-- TASK DETAILS --
Go through the data below and copy it exactly, skipping every picture.

☆ ☆ ☆ ☆ ☆ ☆ ☆

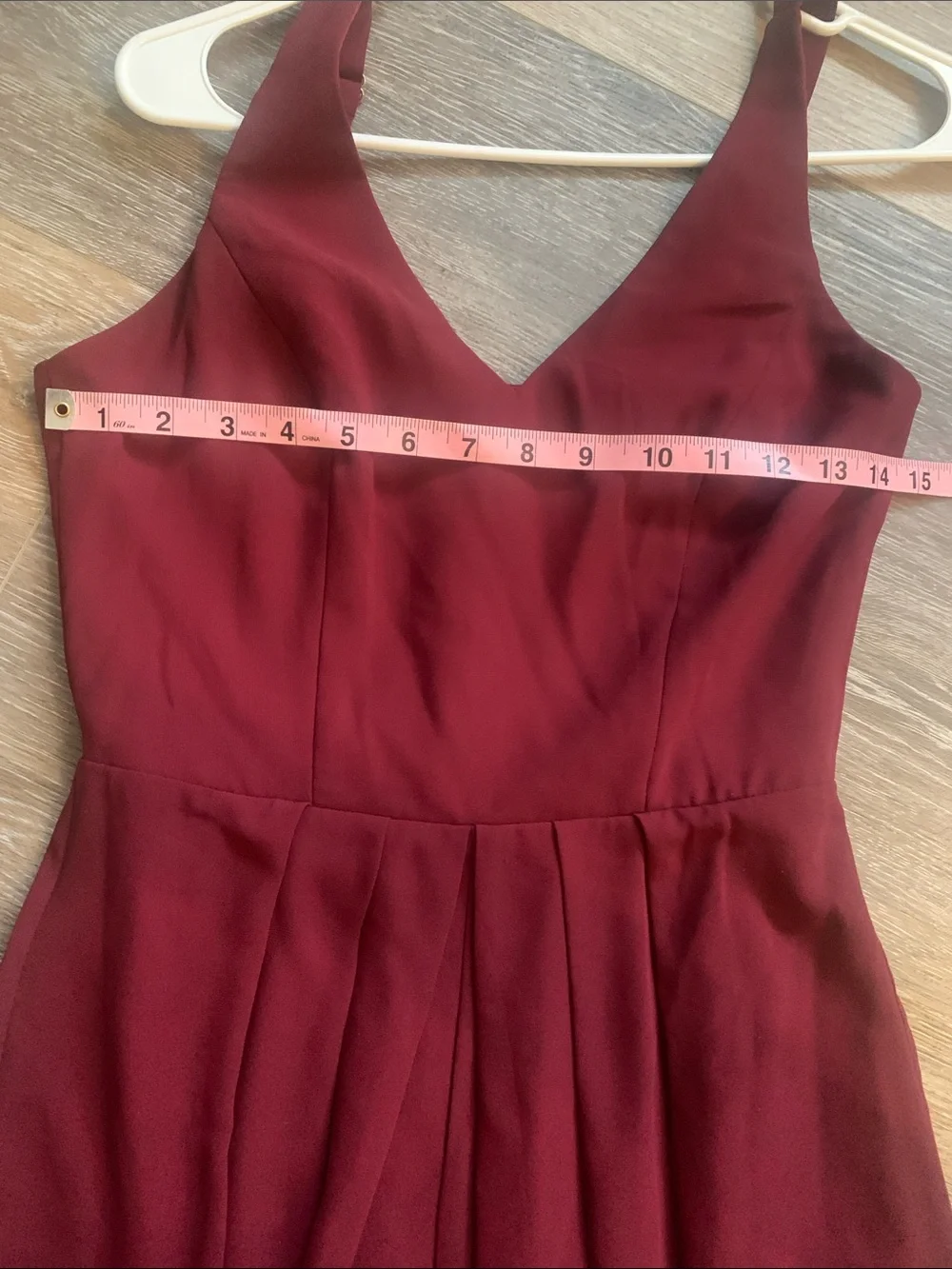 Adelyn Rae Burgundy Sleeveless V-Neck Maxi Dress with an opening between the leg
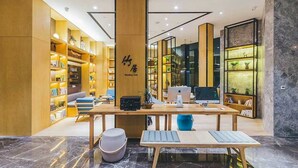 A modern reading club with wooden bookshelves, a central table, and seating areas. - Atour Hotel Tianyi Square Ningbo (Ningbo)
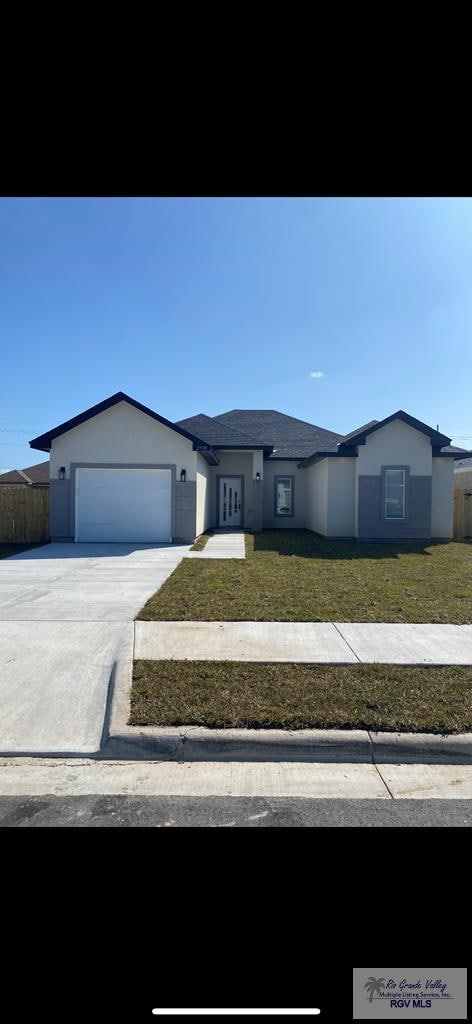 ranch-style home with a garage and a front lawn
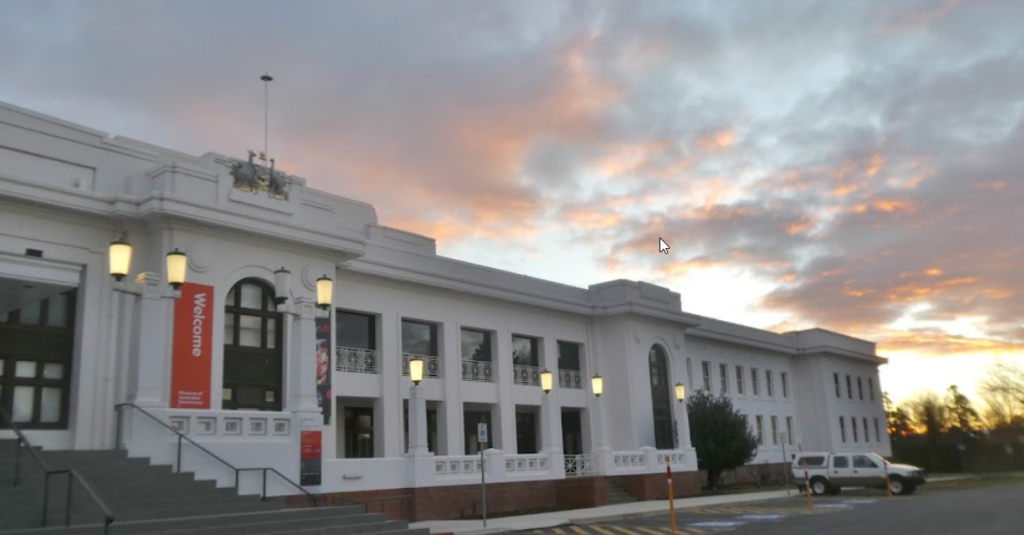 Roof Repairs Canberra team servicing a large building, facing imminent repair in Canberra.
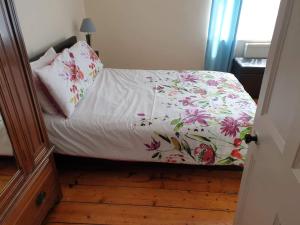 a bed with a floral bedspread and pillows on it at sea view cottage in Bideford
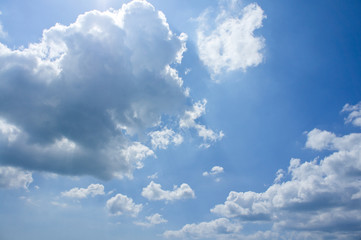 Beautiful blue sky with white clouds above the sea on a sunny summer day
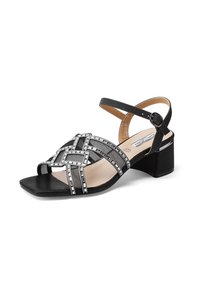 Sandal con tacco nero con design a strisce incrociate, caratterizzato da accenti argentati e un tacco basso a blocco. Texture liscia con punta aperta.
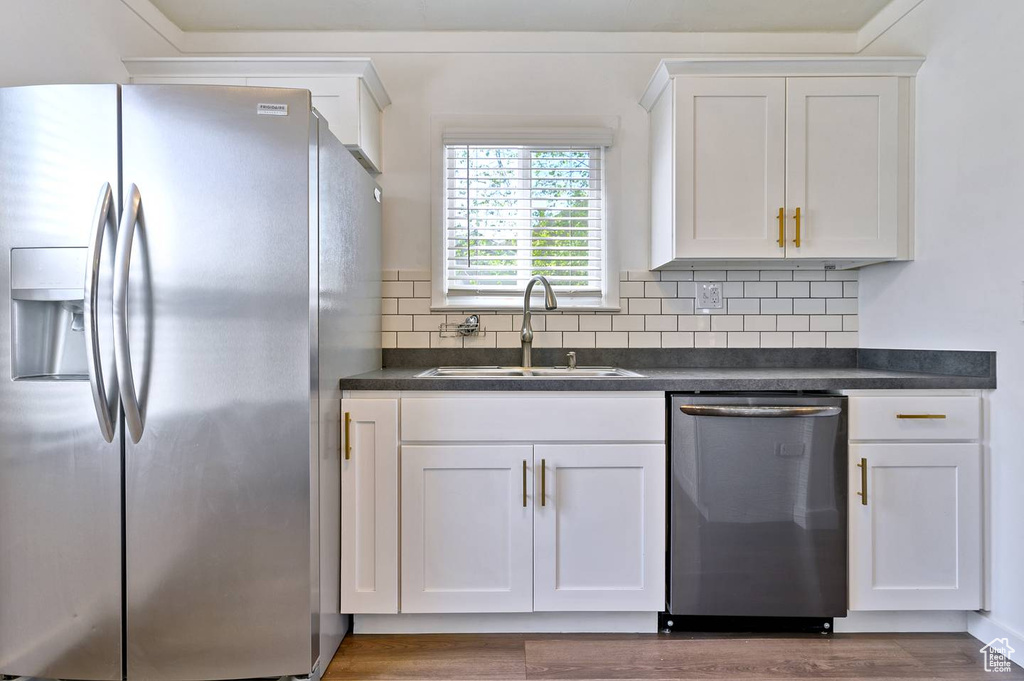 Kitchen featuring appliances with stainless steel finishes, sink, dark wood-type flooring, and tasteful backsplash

☆ ☆ ☆ ☆ ☆ ☆ ☆

-- RESPONSE BOX --
 Adelyn Rae Burgundy Sleeveless V-Neck Maxi Dress with an opening between the leg
 A modern reading club with wooden bookshelves, a central table, and seating areas. - Atour Hotel Tianyi Square Ningbo (Ningbo)
 ranch-style home with a garage and a front lawn
 Roof Repairs Canberra team servicing a large building, facing imminent repair in Canberra.
 a bed with a floral bedspread and pillows on it at sea view cottage in Bideford
 Beautiful blue sky with white clouds above the sea on a sunny summer day
 Sandal con tacco nero con design a strisce incrociate, caratterizzato da accenti argentati e un tacco basso a blocco. Texture liscia con punta aperta.
 Kitchen featuring appliances with stainless steel finishes, sink, dark wood-type flooring, and tasteful backsplash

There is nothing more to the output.